Task statement:
Below are the records; give again exactly the lines that run from the one with "Minnie Mouse Tabletop Pool Table" through the last line.

****************************************

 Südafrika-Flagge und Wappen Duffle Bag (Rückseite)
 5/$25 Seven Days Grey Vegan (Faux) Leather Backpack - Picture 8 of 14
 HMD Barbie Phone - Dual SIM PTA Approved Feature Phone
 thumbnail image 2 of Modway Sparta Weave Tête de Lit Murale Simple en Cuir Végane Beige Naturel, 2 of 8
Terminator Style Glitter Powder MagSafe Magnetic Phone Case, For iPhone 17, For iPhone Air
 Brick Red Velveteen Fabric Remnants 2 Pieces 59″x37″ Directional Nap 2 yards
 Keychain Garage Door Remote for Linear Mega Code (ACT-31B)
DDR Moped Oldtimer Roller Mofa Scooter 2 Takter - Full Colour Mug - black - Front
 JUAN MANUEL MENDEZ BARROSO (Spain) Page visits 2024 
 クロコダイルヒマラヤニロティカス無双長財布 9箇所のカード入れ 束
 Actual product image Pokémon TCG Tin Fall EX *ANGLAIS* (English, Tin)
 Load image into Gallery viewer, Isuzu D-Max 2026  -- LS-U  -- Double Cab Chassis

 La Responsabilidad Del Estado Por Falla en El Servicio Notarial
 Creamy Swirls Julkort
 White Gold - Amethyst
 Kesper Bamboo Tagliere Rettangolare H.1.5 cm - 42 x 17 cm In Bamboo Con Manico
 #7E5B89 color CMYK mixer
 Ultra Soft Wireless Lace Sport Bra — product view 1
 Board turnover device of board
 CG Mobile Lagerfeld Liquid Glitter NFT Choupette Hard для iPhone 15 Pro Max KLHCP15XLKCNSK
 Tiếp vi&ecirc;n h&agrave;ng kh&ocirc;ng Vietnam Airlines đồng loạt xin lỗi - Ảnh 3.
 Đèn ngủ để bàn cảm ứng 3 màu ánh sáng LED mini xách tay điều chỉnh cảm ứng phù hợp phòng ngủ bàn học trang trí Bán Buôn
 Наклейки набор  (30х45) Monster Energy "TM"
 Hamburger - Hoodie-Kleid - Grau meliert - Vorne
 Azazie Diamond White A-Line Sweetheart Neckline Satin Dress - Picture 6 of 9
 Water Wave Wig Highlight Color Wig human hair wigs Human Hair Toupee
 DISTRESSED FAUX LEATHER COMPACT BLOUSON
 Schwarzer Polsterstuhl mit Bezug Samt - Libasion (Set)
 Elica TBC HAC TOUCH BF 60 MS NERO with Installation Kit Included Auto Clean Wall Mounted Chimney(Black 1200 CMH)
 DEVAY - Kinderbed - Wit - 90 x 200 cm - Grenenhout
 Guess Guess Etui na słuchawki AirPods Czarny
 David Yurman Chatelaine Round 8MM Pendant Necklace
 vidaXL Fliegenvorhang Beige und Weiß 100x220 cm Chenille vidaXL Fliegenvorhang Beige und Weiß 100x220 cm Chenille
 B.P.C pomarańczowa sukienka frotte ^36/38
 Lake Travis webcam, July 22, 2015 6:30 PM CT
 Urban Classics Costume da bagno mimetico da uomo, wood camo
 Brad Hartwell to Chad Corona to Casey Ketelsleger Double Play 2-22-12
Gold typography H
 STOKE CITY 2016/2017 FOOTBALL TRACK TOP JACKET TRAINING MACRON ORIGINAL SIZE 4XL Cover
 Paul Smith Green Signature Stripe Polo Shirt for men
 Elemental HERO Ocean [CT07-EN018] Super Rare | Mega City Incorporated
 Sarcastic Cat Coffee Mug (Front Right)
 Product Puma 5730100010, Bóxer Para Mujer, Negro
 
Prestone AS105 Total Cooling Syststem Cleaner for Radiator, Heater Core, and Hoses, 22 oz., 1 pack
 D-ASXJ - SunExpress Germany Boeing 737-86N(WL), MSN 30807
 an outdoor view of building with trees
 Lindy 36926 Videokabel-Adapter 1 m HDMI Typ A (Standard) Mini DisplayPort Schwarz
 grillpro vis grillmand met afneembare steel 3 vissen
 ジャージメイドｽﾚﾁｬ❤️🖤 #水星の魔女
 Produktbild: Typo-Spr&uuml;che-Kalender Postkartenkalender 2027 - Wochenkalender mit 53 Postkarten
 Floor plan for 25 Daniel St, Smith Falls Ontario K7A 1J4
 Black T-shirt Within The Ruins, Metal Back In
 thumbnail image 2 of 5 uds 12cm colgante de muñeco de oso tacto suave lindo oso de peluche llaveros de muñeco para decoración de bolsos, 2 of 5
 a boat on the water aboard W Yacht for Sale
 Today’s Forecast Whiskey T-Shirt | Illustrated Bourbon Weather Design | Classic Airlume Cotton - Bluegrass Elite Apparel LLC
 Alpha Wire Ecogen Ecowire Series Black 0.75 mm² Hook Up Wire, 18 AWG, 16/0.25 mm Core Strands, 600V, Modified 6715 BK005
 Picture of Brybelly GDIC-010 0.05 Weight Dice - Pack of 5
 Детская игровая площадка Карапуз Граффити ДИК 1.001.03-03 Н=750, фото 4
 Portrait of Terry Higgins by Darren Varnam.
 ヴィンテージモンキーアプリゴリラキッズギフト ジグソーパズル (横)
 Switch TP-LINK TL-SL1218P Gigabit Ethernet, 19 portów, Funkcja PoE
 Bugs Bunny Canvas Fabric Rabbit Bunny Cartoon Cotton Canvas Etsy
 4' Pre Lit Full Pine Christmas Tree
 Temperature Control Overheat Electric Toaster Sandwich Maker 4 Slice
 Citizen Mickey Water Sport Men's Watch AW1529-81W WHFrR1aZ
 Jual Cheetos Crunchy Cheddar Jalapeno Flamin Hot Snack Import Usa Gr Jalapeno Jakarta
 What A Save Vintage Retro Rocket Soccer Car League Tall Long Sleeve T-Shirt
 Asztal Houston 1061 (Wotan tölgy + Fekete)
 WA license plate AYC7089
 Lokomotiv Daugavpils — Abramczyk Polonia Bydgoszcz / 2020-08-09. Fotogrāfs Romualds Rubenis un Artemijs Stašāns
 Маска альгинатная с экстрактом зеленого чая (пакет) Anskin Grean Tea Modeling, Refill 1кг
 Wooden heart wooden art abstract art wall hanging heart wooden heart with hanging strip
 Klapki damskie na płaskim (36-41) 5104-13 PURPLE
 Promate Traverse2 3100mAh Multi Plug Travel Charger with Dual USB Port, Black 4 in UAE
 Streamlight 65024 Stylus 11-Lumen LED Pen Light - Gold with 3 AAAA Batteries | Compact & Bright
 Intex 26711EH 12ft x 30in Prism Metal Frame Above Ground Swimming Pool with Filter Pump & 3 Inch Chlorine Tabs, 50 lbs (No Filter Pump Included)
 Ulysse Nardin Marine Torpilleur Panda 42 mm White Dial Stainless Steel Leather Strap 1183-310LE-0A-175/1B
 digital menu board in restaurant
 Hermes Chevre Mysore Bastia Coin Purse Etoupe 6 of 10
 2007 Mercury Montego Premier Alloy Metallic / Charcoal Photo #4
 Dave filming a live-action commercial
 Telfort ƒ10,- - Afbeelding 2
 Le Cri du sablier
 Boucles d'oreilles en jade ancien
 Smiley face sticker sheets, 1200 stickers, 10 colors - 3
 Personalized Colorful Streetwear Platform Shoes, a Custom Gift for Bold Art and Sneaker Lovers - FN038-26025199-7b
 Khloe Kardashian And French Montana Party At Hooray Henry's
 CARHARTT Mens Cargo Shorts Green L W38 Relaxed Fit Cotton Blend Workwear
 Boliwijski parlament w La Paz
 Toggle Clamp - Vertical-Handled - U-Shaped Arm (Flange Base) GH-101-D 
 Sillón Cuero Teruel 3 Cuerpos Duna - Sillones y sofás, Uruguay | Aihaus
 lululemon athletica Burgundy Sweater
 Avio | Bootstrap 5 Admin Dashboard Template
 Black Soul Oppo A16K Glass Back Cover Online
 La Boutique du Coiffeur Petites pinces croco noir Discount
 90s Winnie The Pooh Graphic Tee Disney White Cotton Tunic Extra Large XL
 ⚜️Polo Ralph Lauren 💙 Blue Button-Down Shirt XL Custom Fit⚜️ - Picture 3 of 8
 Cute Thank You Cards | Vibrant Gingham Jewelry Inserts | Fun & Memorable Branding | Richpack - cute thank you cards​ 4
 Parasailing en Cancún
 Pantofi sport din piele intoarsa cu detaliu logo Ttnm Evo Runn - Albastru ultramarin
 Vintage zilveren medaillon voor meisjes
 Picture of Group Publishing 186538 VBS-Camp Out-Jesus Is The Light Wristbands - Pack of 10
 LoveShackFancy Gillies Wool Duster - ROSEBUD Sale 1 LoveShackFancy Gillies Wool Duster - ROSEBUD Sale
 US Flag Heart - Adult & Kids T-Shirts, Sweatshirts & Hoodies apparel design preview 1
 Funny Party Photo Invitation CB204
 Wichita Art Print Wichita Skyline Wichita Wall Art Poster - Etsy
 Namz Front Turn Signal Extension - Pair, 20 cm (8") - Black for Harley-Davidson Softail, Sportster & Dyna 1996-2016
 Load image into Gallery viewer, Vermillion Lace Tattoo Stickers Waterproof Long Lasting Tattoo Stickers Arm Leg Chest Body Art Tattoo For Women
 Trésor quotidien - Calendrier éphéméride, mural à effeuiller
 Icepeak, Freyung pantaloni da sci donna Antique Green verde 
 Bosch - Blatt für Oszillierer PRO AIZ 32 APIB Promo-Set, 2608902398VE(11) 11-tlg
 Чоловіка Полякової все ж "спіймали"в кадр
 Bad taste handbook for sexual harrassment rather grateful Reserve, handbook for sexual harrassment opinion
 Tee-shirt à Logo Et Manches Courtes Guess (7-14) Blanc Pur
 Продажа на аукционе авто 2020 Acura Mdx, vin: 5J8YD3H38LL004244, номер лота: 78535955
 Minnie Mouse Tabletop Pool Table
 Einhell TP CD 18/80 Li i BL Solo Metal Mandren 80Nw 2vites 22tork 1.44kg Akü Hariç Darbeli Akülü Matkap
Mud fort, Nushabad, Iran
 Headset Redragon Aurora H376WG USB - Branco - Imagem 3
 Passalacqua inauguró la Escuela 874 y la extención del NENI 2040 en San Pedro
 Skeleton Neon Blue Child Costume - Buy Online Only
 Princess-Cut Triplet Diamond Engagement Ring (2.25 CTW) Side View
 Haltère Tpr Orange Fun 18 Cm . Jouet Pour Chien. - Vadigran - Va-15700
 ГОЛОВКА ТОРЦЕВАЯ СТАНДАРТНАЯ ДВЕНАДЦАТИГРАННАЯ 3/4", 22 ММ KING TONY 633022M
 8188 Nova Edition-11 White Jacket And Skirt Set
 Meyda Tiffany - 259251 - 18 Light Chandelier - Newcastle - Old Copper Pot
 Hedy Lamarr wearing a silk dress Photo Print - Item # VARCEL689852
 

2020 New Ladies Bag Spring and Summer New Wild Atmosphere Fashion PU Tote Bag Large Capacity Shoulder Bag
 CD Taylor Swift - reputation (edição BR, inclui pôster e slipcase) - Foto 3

****************************************

Result:
 Minnie Mouse Tabletop Pool Table
 Einhell TP CD 18/80 Li i BL Solo Metal Mandren 80Nw 2vites 22tork 1.44kg Akü Hariç Darbeli Akülü Matkap
Mud fort, Nushabad, Iran
 Headset Redragon Aurora H376WG USB - Branco - Imagem 3
 Passalacqua inauguró la Escuela 874 y la extención del NENI 2040 en San Pedro
 Skeleton Neon Blue Child Costume - Buy Online Only
 Princess-Cut Triplet Diamond Engagement Ring (2.25 CTW) Side View
 Haltère Tpr Orange Fun 18 Cm . Jouet Pour Chien. - Vadigran - Va-15700
 ГОЛОВКА ТОРЦЕВАЯ СТАНДАРТНАЯ ДВЕНАДЦАТИГРАННАЯ 3/4", 22 ММ KING TONY 633022M
 8188 Nova Edition-11 White Jacket And Skirt Set
 Meyda Tiffany - 259251 - 18 Light Chandelier - Newcastle - Old Copper Pot
 Hedy Lamarr wearing a silk dress Photo Print - Item # VARCEL689852
 

2020 New Ladies Bag Spring and Summer New Wild Atmosphere Fashion PU Tote Bag Large Capacity Shoulder Bag
 CD Taylor Swift - reputation (edição BR, inclui pôster e slipcase) - Foto 3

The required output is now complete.